Future research we are interested in would be exploring further languages
in the same analysis. Additionally, we are interested in a longitudinal
analysis. For instance, Marathi was very recently added to Google
Translate's inventory of languages. Knowing that Google Translate is
supposed to improve over time based on user feedback, perhaps, we could
analyze divergences in Marathi to English outputs at intervals over time
and check for degree of improvement.
As far as improving our analysis, perhaps we could develop a schema that
considers finer details. For instance, we could identify clauses and
identify in which they are transposed (are predicates appearing before
subjects? Are relative clauses not properly conjoined with the noun they
are describing?) Another possibility could be developing a more coherent
strategy for dealing with verb phrases... should they all be identified as
a phrases or would it be better to identify them into phrases and then
chunk them into individual words, and identify errors on a word level?
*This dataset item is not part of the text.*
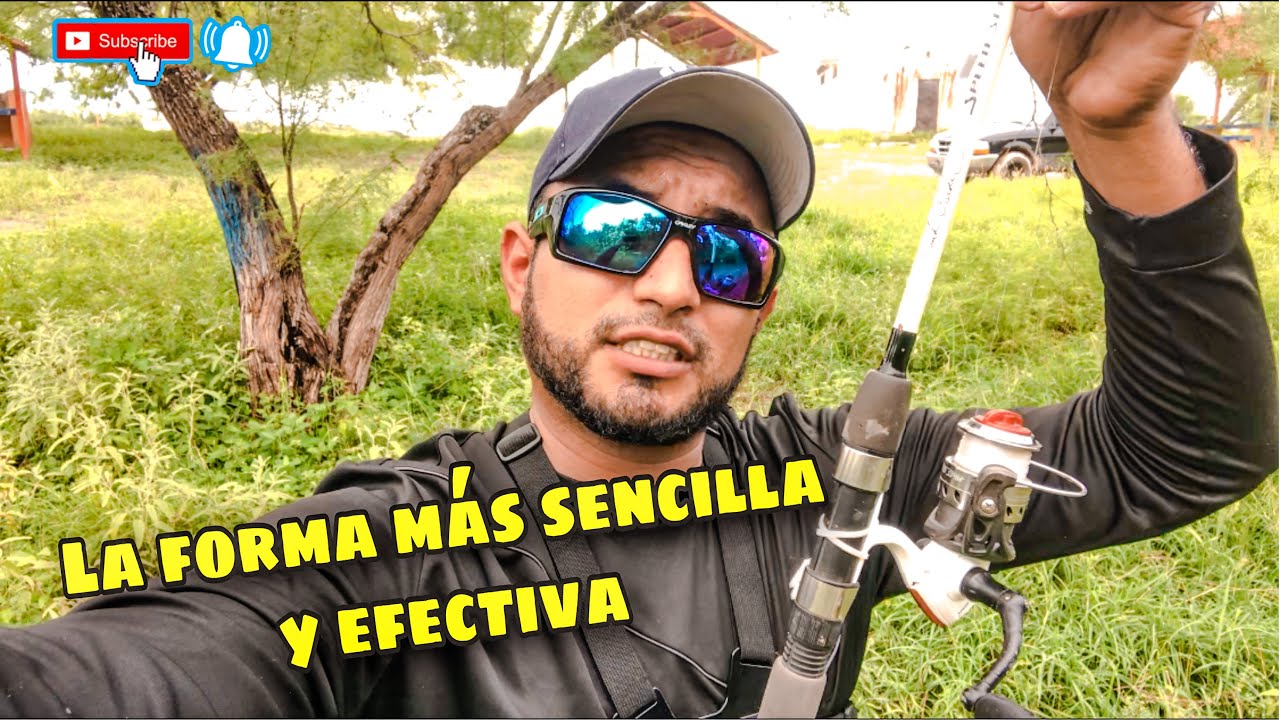 Pesca de mojarra con anzuelo 2021!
Finally, while this aspect was set aside for this particular project for
reasons specified in the methodology section, perhaps we could develop a
method where we would attempt to identify multiple errors in one word, and
see how this different approach would affect our results.
It would also be interesting to characterize the types of grammatical
environments specific errors are occurring. This might shed light on what
is triggering specific errors.
Overall, we believe our analysis as is did a thorough job of answering our
initial research questions and could serve as a sound jumping off point
into asking more exploratory questions regarding machine translation and
machine learning.